Mediocrity at Love Letter Pizza and Chicken
Packed beside countless other unassuming restaurants and cafes on Colima, Love Letter Pizza & Chicken easily blended in and was quite difficult to find. However, what made it especially harder to find was that its main sign wasn’t in English. This kind of disconnect, I felt, was sadly reflected in the food as well, since its entrées were simply adequate though clearly had the potential to be so much better.
In honor of the restaurant’s name, I ordered pizza and chicken, both of which gave me mixed results. As I ate a modest slice of the Supreme Pizza, I enjoyed its array of quality ingredients. This included the cheese’s fresh stringiness as it worked well with the medley of diverse toppings like bulgogi beef and pineapple. These toppings proved that the pizza didn’t rely solely on overwhelming saltiness for flavor, since there was a distinct deliciousness that was often met with the refreshing taste of vegetables and pineapple. While some of the ingredients had made their impact and raised my expectations for an amazing pizza, the pizza still fell flat for me. For one thing, I was unable to taste the bulgogi beef, which hindered what would have been a dynamic arrangement of flavors. Furthermore, there weren’t enough toppings, so after a while, I would taste more of the bland pizza dough than the toppings.

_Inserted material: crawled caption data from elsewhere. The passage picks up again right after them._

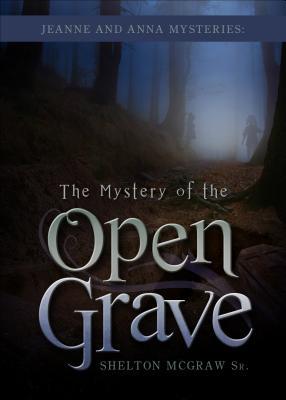 Jeanne and Anna Mysteries: The Mystery of the Open Grave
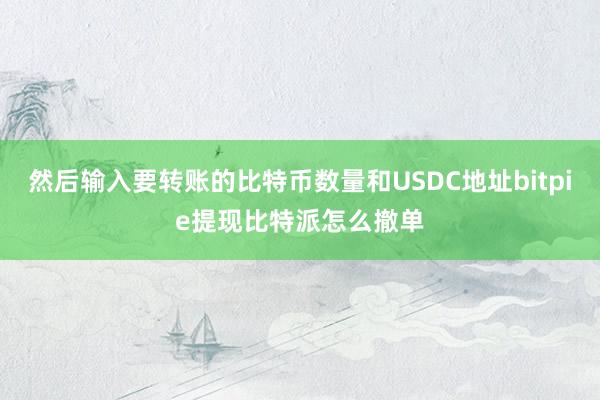 然后输入要转账的比特币数量和USDC地址bitpie提现比特派怎么撤单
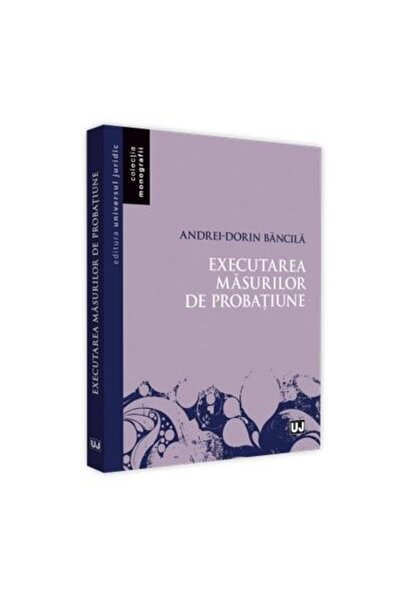 Editura Universul Juridic Executarea masurilor de probatiune, Andrei-Dorin B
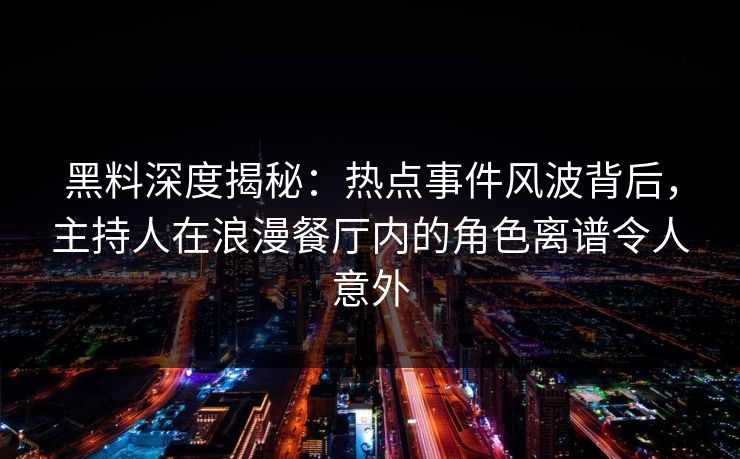 黑料深度揭秘：热点事件风波背后，主持人在浪漫餐厅内的角色离谱令人意外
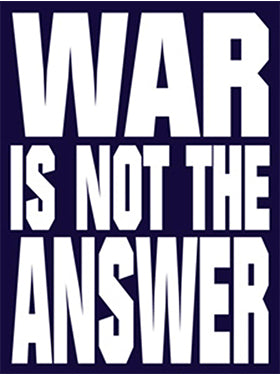 Peace Signs War Is Not the Answer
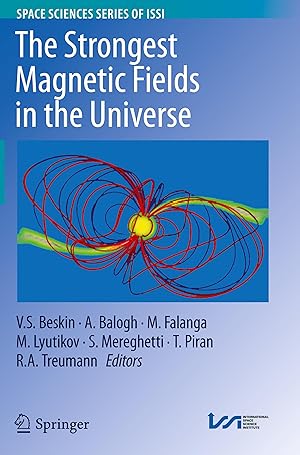 Image du vendeur pour The Strongest Magnetic Fields in the Universe mis en vente par moluna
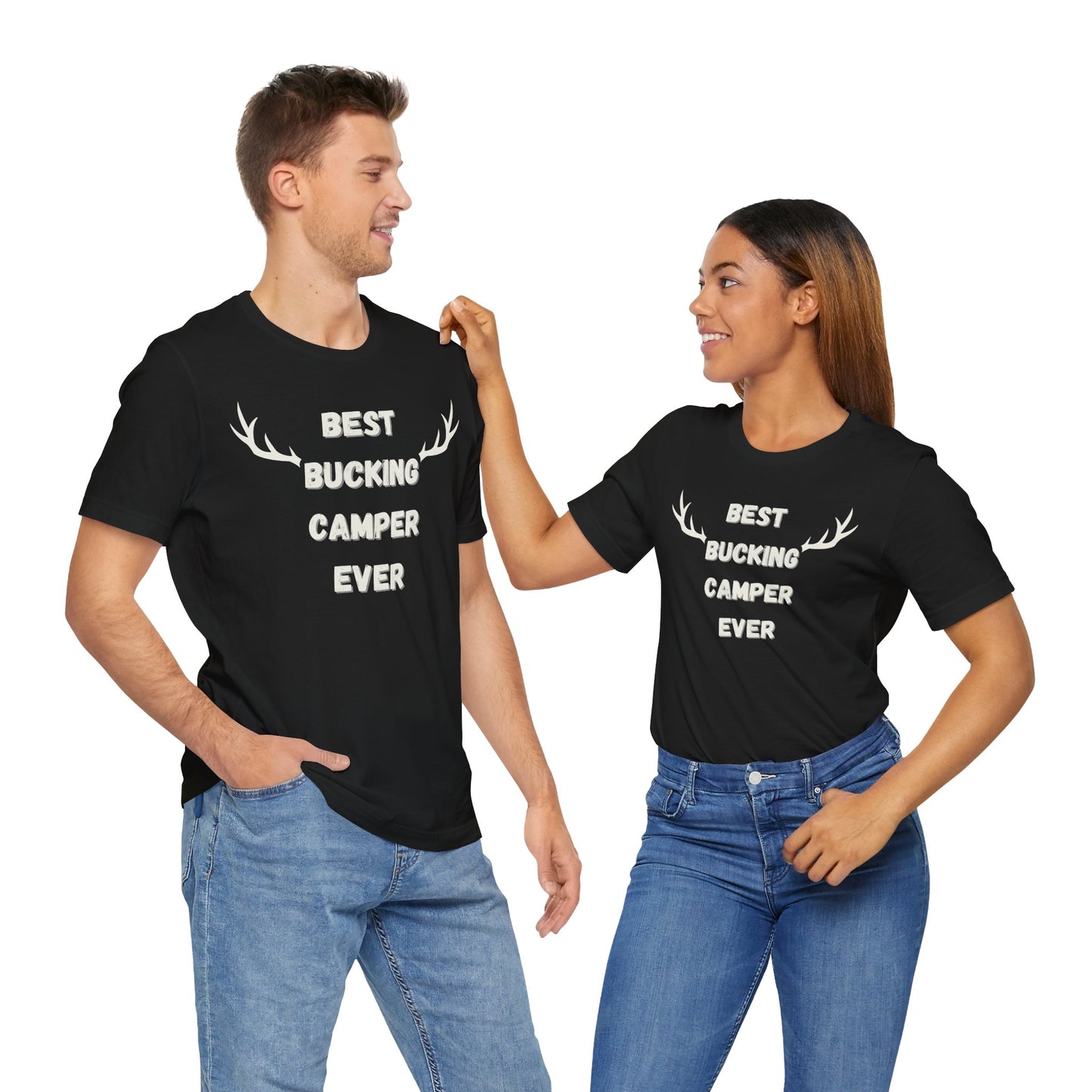 Best Bucking Camper Ever Tee - For the Camping Champ!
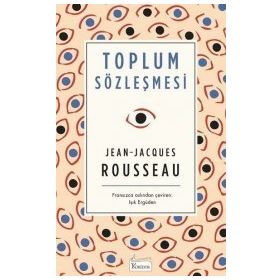TOPLUM SÖZLEŞMESI - JEAN JACQUES ROUSSEAU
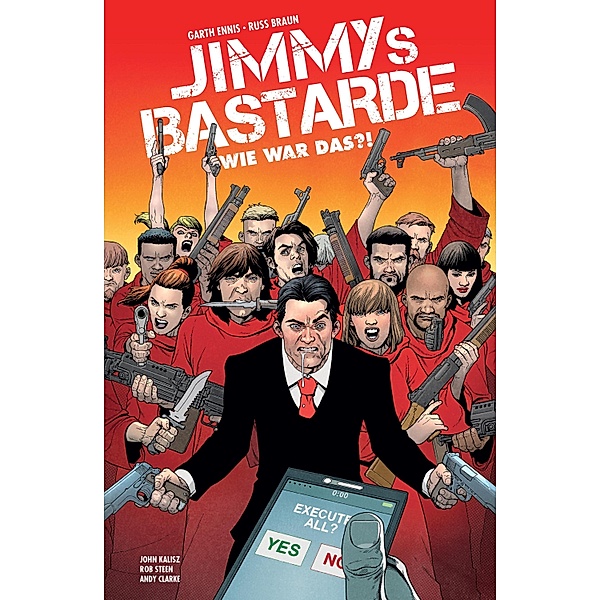 Jimmys Bastarde, Band 2 -Wie war das?! / Jimmys Bastarde Bd.2, Garth Ennis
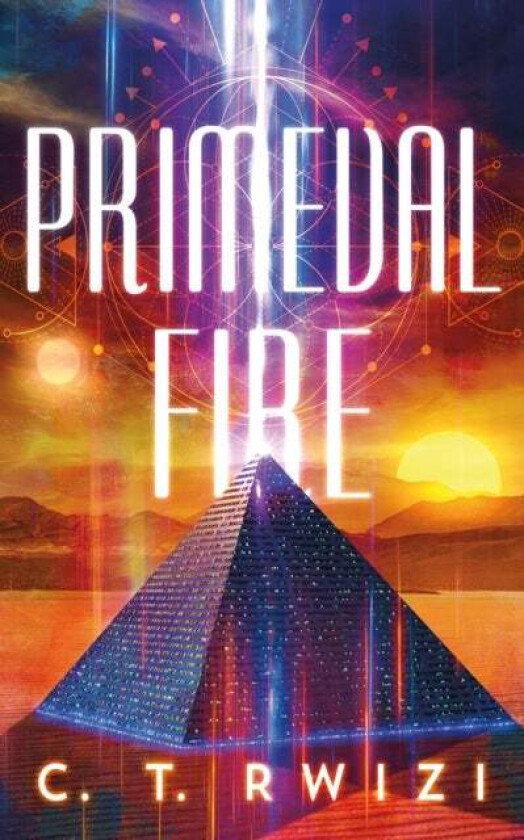 Primeval Fire av C. T. Rwizi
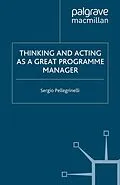 E-Book (pdf) Thinking and Acting as a Great Programme Manager von S. Pellegrinelli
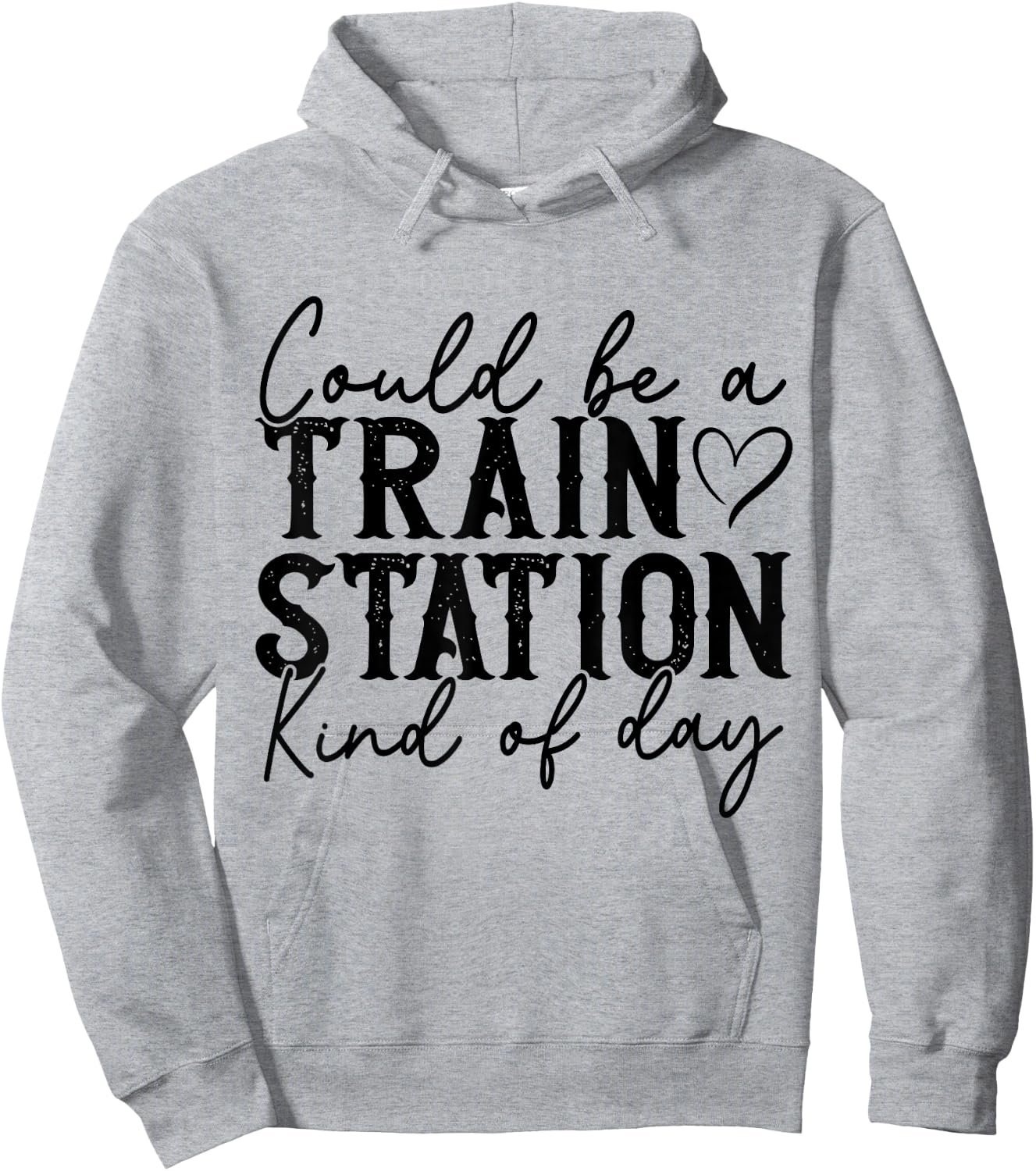 Could Be A Train Station Kinda Day Hoodie - Hoodie | Ash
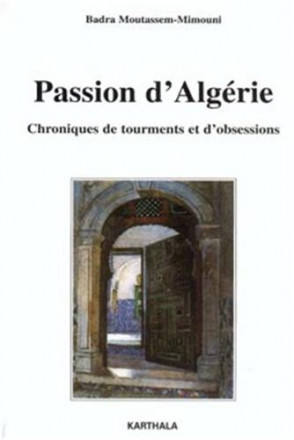 Passion d'Algérie Chroniques de tourments et d'obsessions 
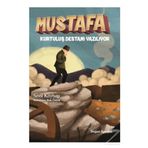 Mustafa - Kurtuluş Destanı Yazılıyor - Sevil Köybaşı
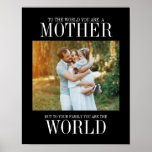 Affiche You Are The World Mother's Day Photo Print<br><div class="desc">Personalize the custom text above. You can find additional coordinating items in our "FOR MOM" collection.</div>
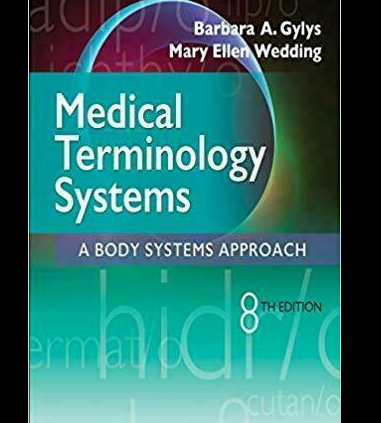 Medical Terminology Systems A Body Systems Technique Eighth Version [P.DF]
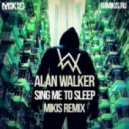 Alan Walker - Sing Me To Sleep
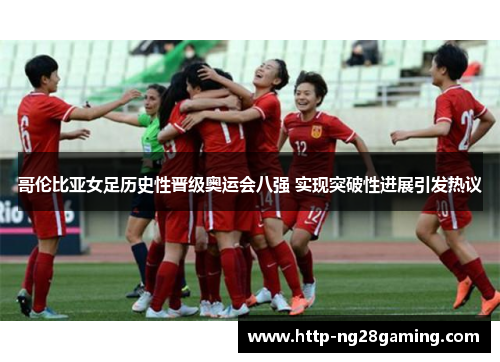 哥伦比亚女足历史性晋级奥运会八强 实现突破性进展引发热议 哥伦比亚女足历史性晋级奥运会八强 实现突破性进展引发热议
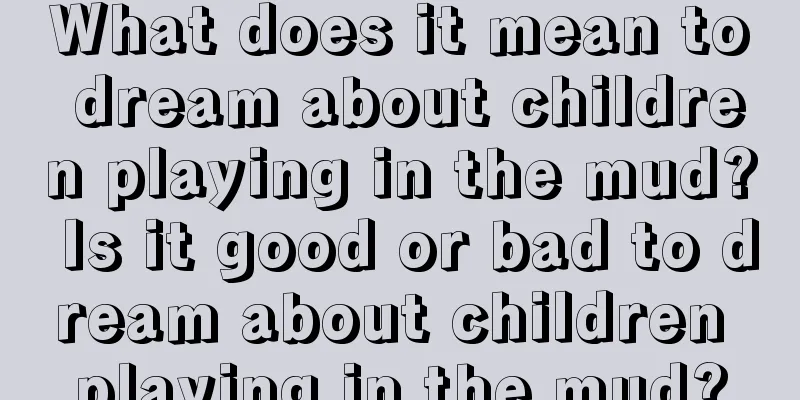 What does it mean to dream about children playing in the mud? Is it good or bad to dream about children playing in the mud?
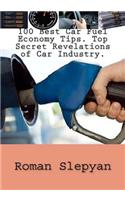 100 Best Car Fuel Economy Tips. Top Secret Revelations of Car Industry.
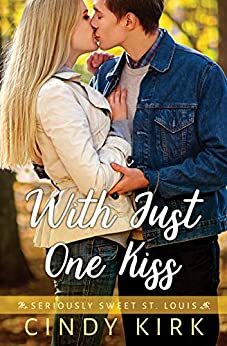 With Just One Kiss by Cindy Kirk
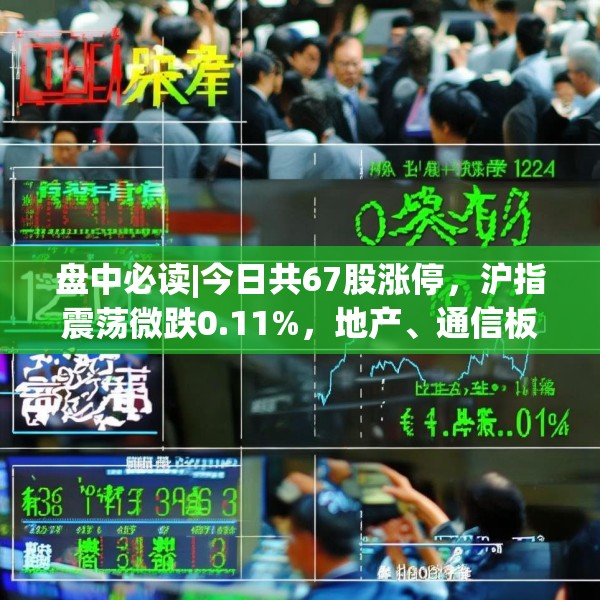 盘中必读|今日共67股涨停，沪指震荡微跌0.11%，地产、通信板块走高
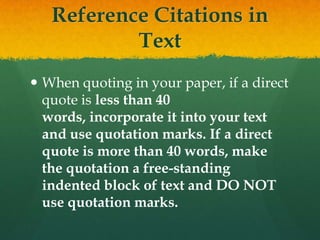 Reference Citations in
           Text
 When quoting in your paper, if a direct
  quote is less than 40
  words, incorporate it into your text
  and use quotation marks. If a direct
  quote is more than 40 words, make
  the quotation a free-standing
  indented block of text and DO NOT
  use quotation marks.
 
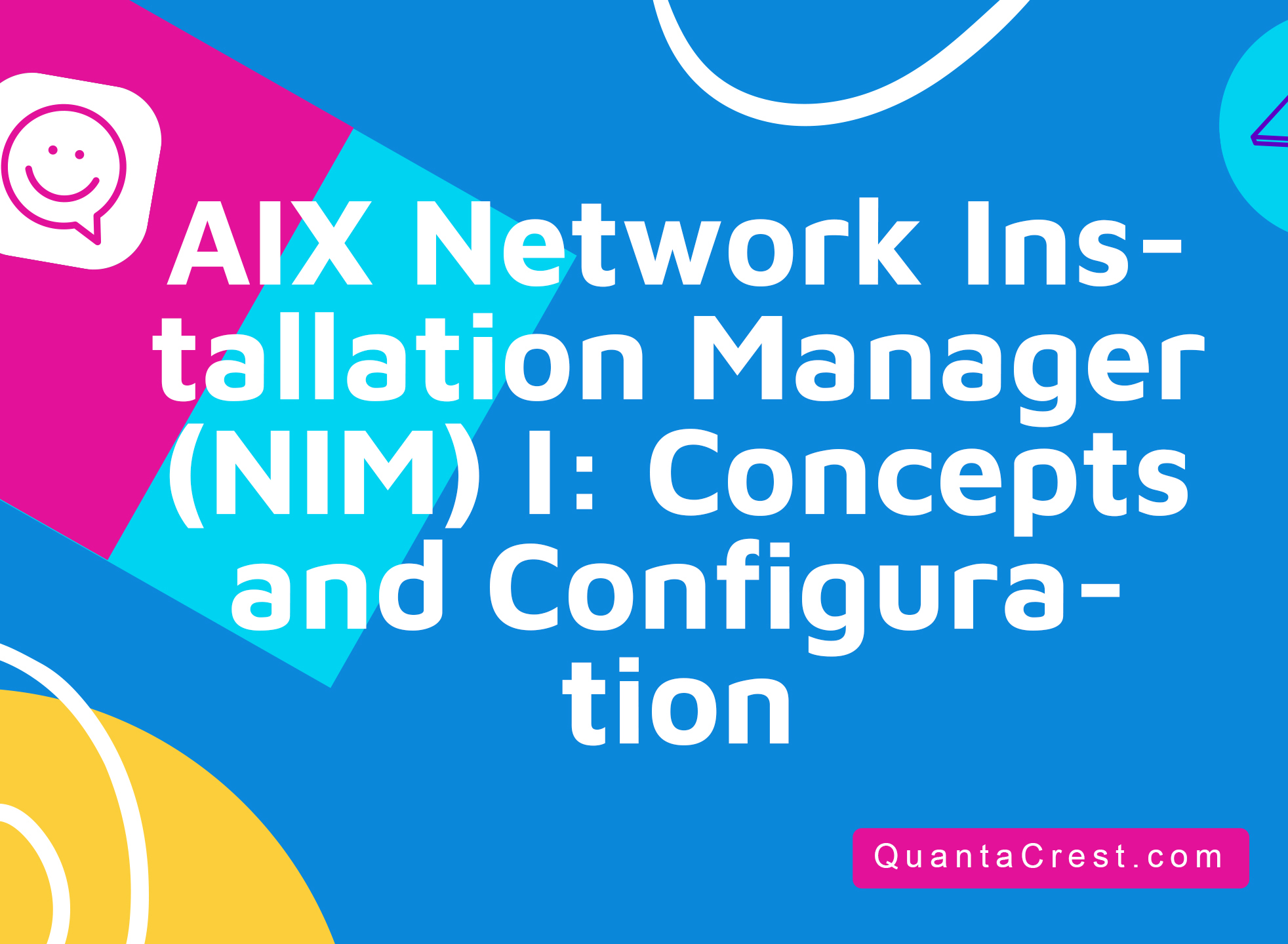 AIX Network Installation Manager (NIM) I: Concepts and Configuration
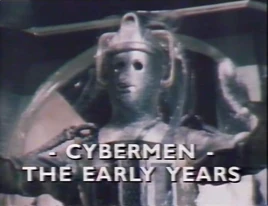 Cybermen The Early Years titlecard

Similarly, the popcorn chicken with its mild sauce would have made a very delicious meal, if there were a few minor tweaks to the recipe. Even though I ordered the popcorn chicken with a mild sauce, it was too strong with the taste of garlic spiciness, overwhelming my taste buds. This disappointed me because I could tell that the chicken was fried just right and crisply.
Overall, it was a mediocre experience at Love Letter Pizza & Chicken because the restaurant had certainly made the stellar effort, but it just wasn’t quite right. Little details such as the pizza’s flavorless dough or the popcorn chicken’s overuse of sauce contributed to such an average experience. Hopefully these minor deficiencies will be rectified in the future.